All Alpízar wanted were the strawberry plants. He arranged to meet the German-Chilean in Santiago and personally accompanied 80,000 of them—frozen, dormant, and bought for a quarter each—back to Cuba on a Russian Tupolev plane.

In San Antonio de los Baños, the small town where he now lives, Alpízar began cultivating them with the help of some 300 high school students. In an echo of the Cultural Revolution in China, Castro had begun sending thousands of students to live in rural boarding schools, where education was divided between the classroom and fields. Alpízar’s program produced enough fruit to supply Coppelia, Cuba’s hugely popular ice cream parlor. In the well-received 1993 Cuban film Fresa y Chocolate, set in the ’70s, fresa (strawberry) appeared as a daring alternative to mainstream and Communist chocolate.

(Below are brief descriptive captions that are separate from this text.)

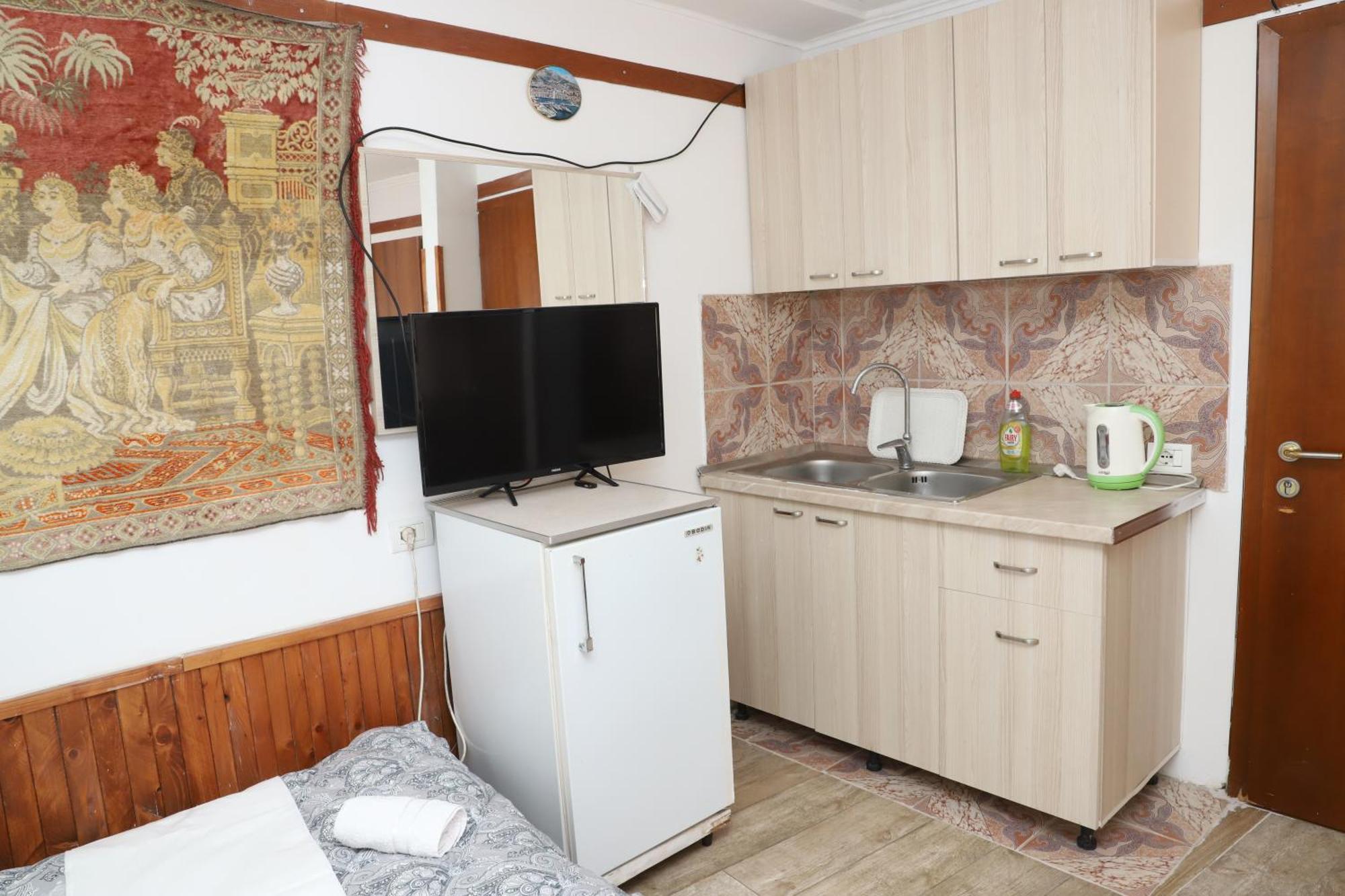 Elvi Aerd Apartment Berat Buitenkant foto
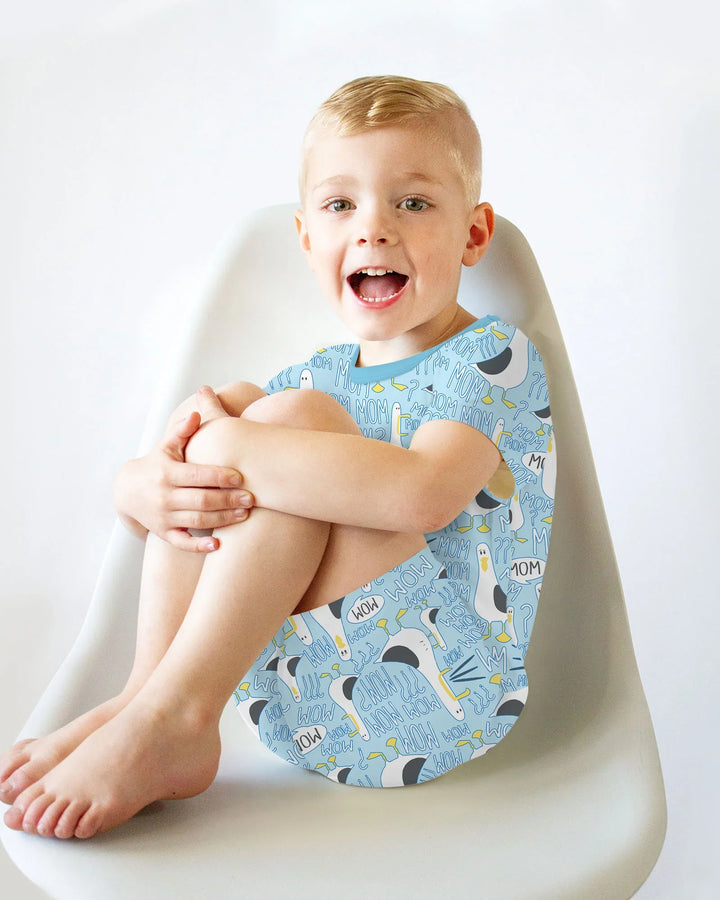 Template Zweiteiliges Pyjama-Set mit kurzen Ärmeln und Shorts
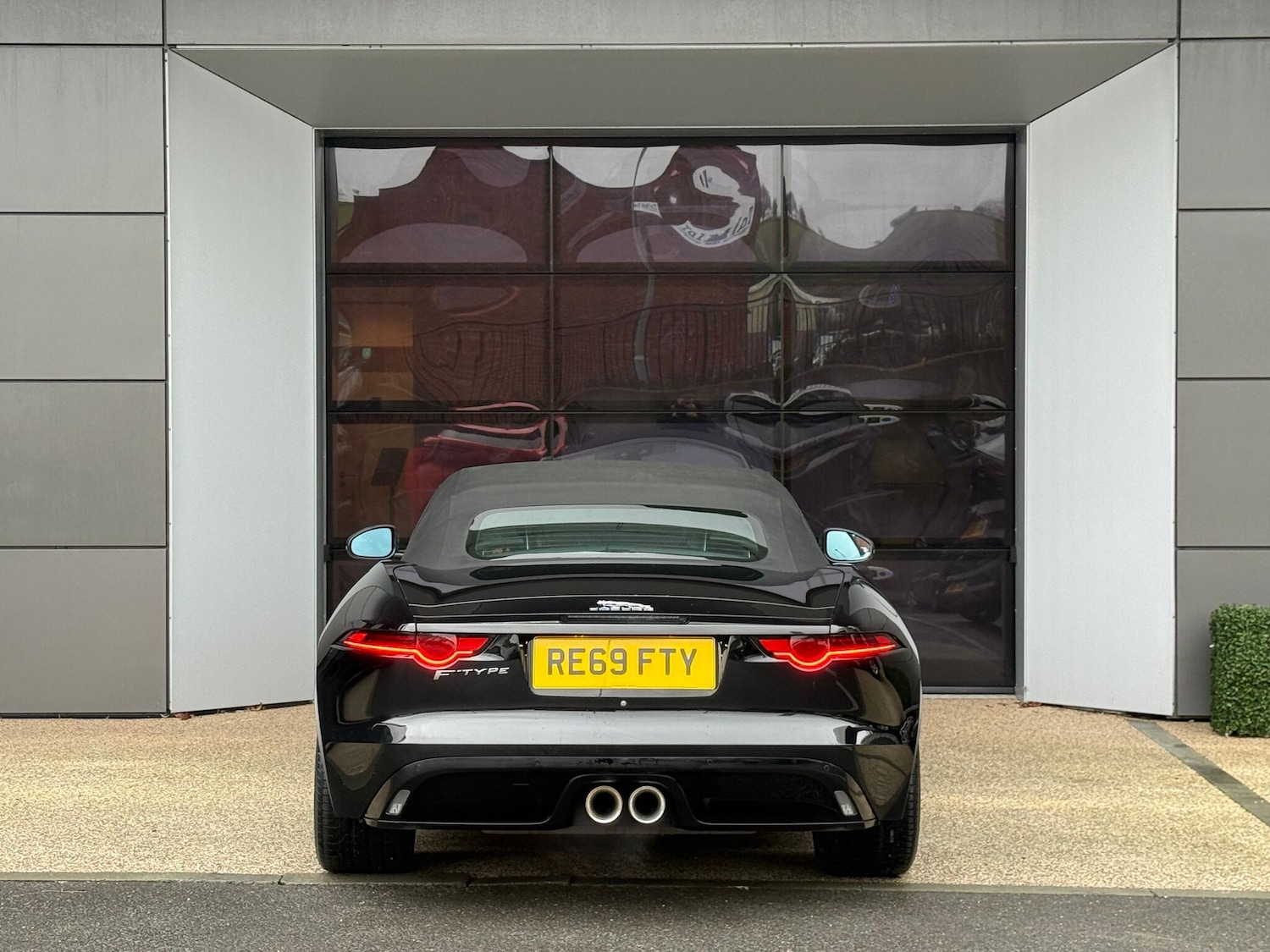 Used Jaguar F-Type 2020 for sale - 77523542: Photo 14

This year, due to a poor crop, Alpízar sourced his strawberries from another farm. Here, strawberries are carefully prepped for the two-hour-long journey from Sanchez’s farm to Havana, where customers are willing to pay a premium for them.

As the Cuban economy went into a tailspin in the early 1990s, an era known as the período especial, government-mandated strawberry cultivation died out. By then, Alpízar had retired from a job at the Academy of Sciences and was living on a plot of land the government had awarded him. When the crisis hit, he and his family could no longer survive on his pension, so he began multiplying Parker plants and carrying the fruit to Havana to sell door-to-door.

At 89, he makes the two-hour journey to Havana—via a mix of horse carts, creaking buses, and rusty 1950s cars—several times a week during strawberry season. Most Cubans still don’t have access to strawberries. At $5 a pound they are an expensive luxury in a country where state employees earn about $25 a month. Few of Alpízar’s clients—mostly paladares, or private restaurants, and a small but growing affluent population—would recognize the retired agronomist as the Johnny Appleseed of the Cuban strawberry.

Even in his older age, Alpízar spends almost every morning working on the several-acre plot of land behind his apartment in San Antonio de los Baños. “Did you know that strawberries are in the rose family?” Alpízar asks no one in particular. “You wouldn’t think it, but they are. They really are beautiful things.”